「日本、北京五輪に閣僚派遣見送りの可能性」で思っていること

「日本、北京五輪に閣僚派遣見送り」なら、それなりに評価するのだけど。
ただし苦言を言わせてもらえれば「なぜ、そうするのか?」に一貫性を持たせてもらいたい。
「アメリカがするから、世界の流れが人権に敏感だから」とその基準が自分の  “外” にあるのであれば、
「日本は右にならえな国で自分の考えを持っていない」となる。
日本はタイプ6の国である。タイプ6は自分の安心・安全・安定の確保が最優先で周りとの関係性に生きている性格タイプである。
なので、自分の安心・安全・安定を捨ててまで取り組む内発的道徳観というものは無い。周りとの関係性の上での道徳観しかない(「気を遣いましょう」とか「皆と仲良くしましょう」とか)。
周りとの関係性を気にするタイプ6は、 “世間体せけんてい”  を意識する。
今の日本は、国際社会においての世間体を気にして行動している部分もある。
内発的に動かないから決断は遅くなる。周りを見る。周りに影響される。そこに世界を引っ張るリーダーシップはない。

それで、
「周りに合わせるのが日本だ」「日本の態度は周りに影響される」「日本には自己が無い」と世界に認識され出すと、
日本を説得せずに、周りの国を説得する外交政策を取られ出す。
どういうことかと言うと、日本は外交上無視されるということである。
尖閣でも、中国は日本とは交渉せず、アメリカと水面下で交渉をし始める。日本は蚊帳かやの外となる。そういえばオバマ大統領時代に「尖閣上陸に目をつむってくれれば…」という取引を習近平国家主席が持ちかけていた、という話をネット記事で読んだ覚えがある。そのような感じで日本の知らないところで日本に関する取引が行われていく。
アメリカとさえ話をつければ、日本はそれに従う。嫌々でも従う。と見られ始める。

結果が同じだとしても、そこに一貫性のある主張なり、よその国を引っ張って意見を形成するリーダーシップなり、相手国を追い詰めて議論ができるなり、そういったものがないと、今後も国際社会での地位は低下していくであろう。
なぜなら、日本を考慮に入れなくとも国際社会の合意形成に影響は無いから。日本以外の  “うるさい”  国々と合意形成をした後、日本には「決まったことだから」とだけ言えば良いから。

これはタイタニック・ジョークの中にも現れている。
氷山にぶつかった豪華客船タイタニックでは、脱出用のボートの数が足りない。
男たちは後回しにしたいとき、どう説得するか困る船員に船長はこう指示を出す。
「ドイツ人には、これが規則だと言え」「アメリカ人には、あなたはヒーローになれると言え」「日本人には、皆さんそうしてますよと言え」

それでもって、日本が後回しにされ出すと、
日本側の心情としては、我慢に我慢を重ねて 堪忍袋の緒が切れる となるのであろうが、
この 堪忍袋の緒が切れる という感覚、国際社会では通用しないから日本の孤立がさらに深まることになる。

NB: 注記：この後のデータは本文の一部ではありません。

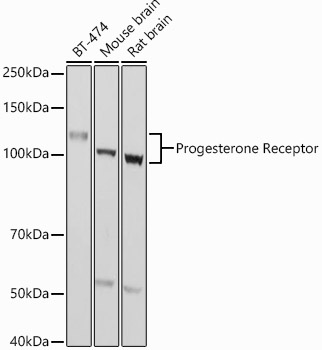 Progesterone Receptor Rabbit pAb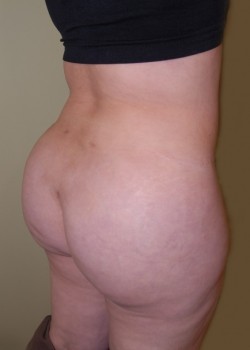 After Image: Brazilian Butt Lift - right-front-oblique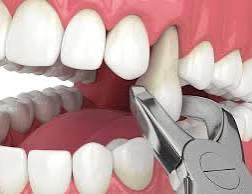 تعلن لكم عيادات جامعة الكفيل عن خدماتها
1_ قلع الأسنان والجذور المتبقية (مجاناً )

2_طقم أسنان متحرك 

للحجز ارسل تم او تواصل مع الرقم ***********
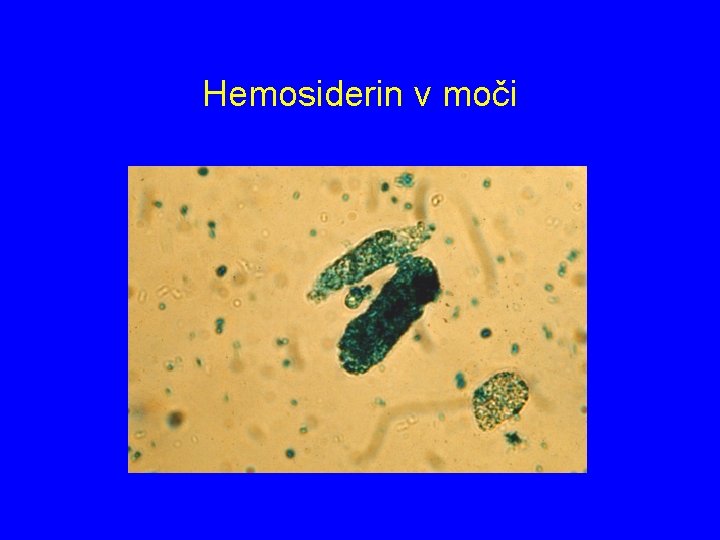 Hemosiderin v moči 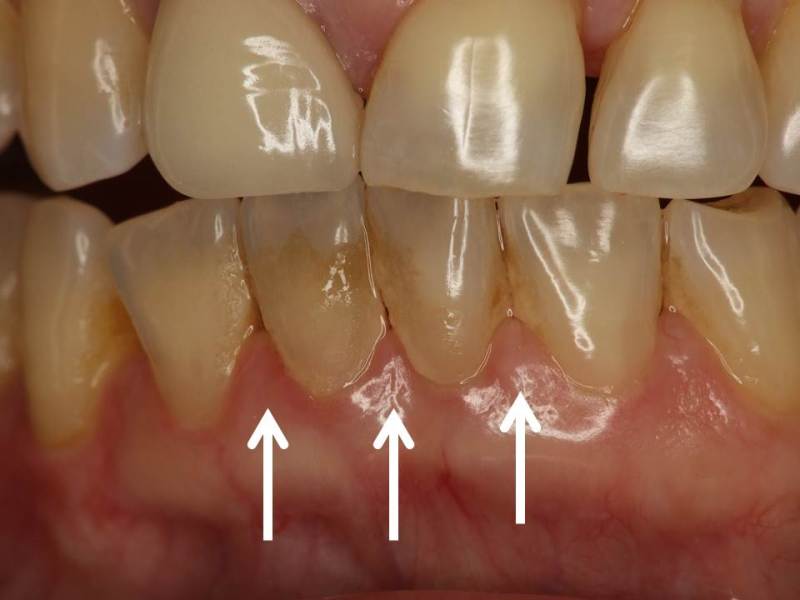 下顎前歯は歯石が付きやすい プラーク 歯垢 と歯石による歯茎の腫れ 神田の歯医者 神田デンタルケアクリニック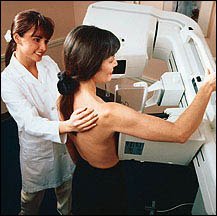 Breast screening procedure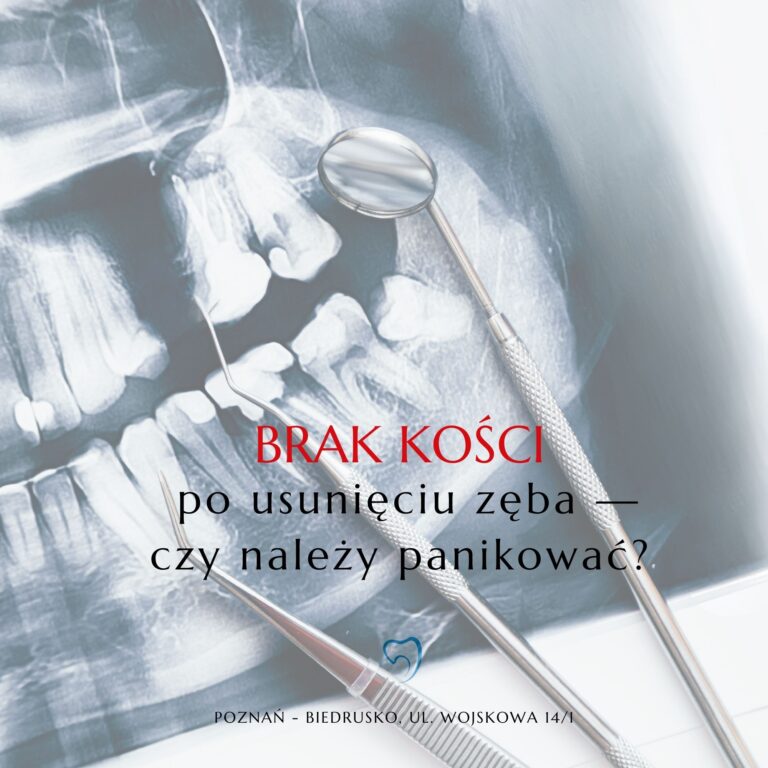 Brak kości po usunięciu zęba — czy należy się martwić?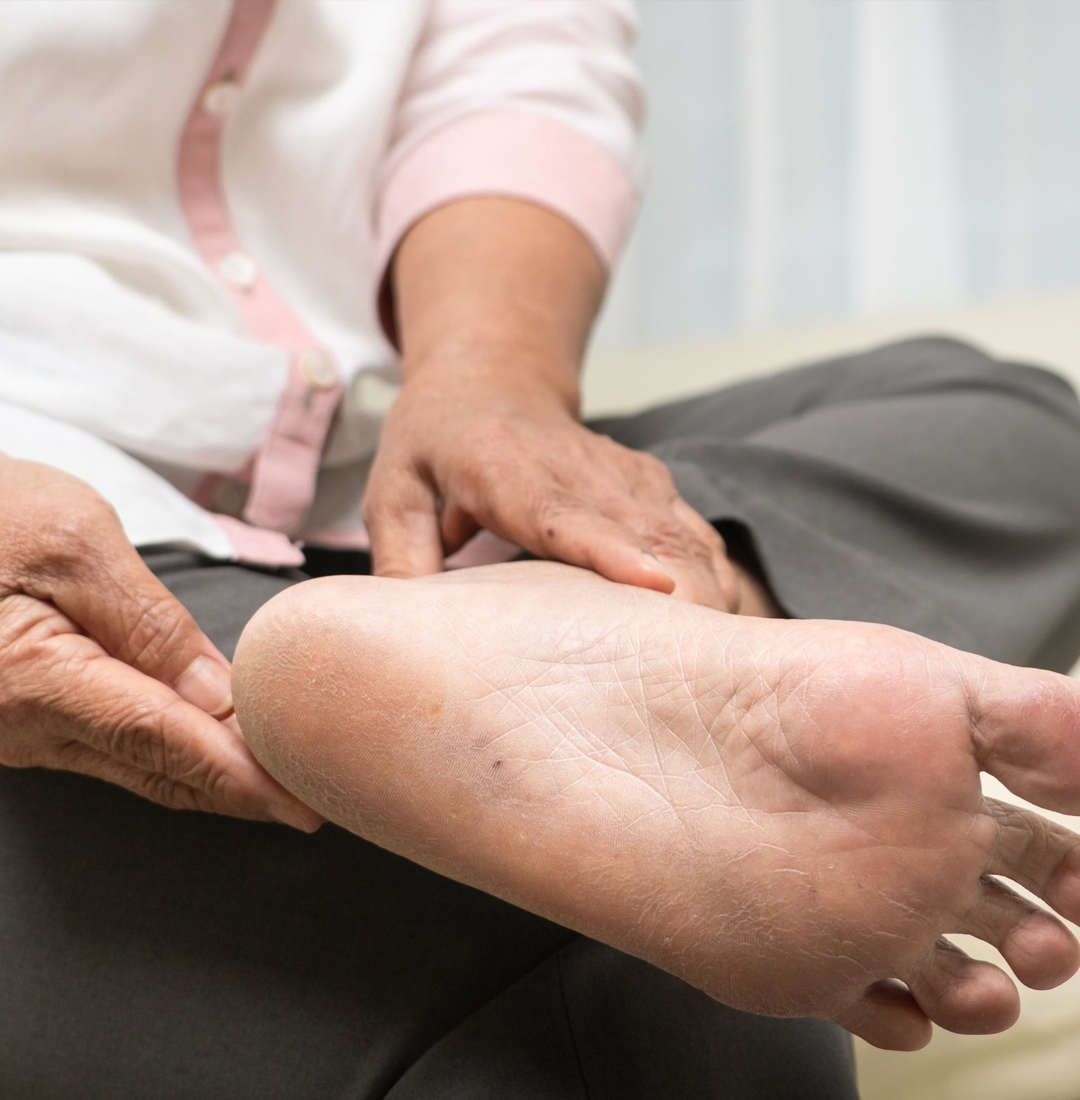 Read: Preventing Diabetic Foot Problems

日本の中のタイプ6の人でも「やさしい○○さん」と評判の人が、ストレスがつのる中でバーンと暴発しちゃって、被害にあった人がそのギャップに驚くことがあったりするくらいだから。
タイプ6の暴発は、タイプ6の大切にする関係性においてマイナスに作用しがちである。
世界の中の日本がバーンと暴発した場合は、驚く以前に厳しく見られると思う。つまり同情は得られず、それよりも、その反対の感情で迎えられることだろう、と予想している。

冒頭で書いたことを再度言ってこの話は終わりにする。

「日本、北京五輪に閣僚派遣見送り」なら、それなりに評価するのだけど。
苦言を言わせてもらえれば「なぜ、そうするのか?」に一貫性を持たせてもらいたい。

蛇足で書くと、中国の人権問題が分かり易い形となって現れている最近あった事件、つまり現在自由を奪われている中国人の女性テニスプレイヤー、彭帥(ポン・シューアイ)さんの事を問題にするのか? ウイグルの問題なのか? 両方なのか? それがよく分からない。そういった意見や立場も鮮明にしてもらいたいとも思う。